━━ Provided records

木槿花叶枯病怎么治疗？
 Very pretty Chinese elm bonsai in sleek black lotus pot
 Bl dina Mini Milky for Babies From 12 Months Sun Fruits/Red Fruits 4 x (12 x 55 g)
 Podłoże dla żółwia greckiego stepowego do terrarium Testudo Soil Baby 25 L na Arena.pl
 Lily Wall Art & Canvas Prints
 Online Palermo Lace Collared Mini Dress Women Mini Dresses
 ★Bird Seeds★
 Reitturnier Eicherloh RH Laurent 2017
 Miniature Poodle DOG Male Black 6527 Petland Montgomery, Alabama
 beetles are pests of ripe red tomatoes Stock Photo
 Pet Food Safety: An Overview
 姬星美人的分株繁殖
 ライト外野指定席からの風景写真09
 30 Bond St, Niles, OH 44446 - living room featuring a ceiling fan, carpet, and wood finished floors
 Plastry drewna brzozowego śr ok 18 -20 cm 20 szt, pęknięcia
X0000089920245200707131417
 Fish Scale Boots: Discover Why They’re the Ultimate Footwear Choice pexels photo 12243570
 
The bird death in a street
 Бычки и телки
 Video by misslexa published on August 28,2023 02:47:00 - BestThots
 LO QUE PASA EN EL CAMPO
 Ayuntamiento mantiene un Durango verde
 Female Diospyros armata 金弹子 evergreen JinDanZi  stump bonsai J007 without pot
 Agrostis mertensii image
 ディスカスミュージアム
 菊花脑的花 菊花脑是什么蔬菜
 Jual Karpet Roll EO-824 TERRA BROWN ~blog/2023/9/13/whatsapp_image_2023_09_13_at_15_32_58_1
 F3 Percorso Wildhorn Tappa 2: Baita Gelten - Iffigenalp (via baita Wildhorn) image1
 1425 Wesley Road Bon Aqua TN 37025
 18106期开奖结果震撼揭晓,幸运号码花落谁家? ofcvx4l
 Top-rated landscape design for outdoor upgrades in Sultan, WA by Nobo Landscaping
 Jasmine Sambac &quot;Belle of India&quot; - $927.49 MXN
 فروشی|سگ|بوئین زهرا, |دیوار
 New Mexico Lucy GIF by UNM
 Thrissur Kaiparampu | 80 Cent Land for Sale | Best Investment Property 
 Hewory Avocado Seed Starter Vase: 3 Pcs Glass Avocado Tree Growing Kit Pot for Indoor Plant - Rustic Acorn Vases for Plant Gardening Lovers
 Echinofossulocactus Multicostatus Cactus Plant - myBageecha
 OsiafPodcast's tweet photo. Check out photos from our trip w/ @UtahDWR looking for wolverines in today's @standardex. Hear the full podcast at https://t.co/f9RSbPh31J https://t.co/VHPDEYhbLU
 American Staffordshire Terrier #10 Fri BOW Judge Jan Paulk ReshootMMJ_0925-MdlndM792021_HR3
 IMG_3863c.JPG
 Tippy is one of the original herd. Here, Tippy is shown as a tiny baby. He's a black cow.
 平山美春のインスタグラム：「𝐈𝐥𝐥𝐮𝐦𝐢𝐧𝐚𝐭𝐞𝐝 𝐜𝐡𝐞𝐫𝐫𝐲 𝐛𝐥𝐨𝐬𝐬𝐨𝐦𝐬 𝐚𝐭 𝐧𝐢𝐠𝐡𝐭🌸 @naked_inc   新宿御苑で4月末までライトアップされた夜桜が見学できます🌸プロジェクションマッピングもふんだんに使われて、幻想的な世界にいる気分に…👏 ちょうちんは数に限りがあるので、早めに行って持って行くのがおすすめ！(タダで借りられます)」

━━━━

Work instruction: How many lines of the data contain the word "Plant"? Answer with the number alone.

Exercise result: 2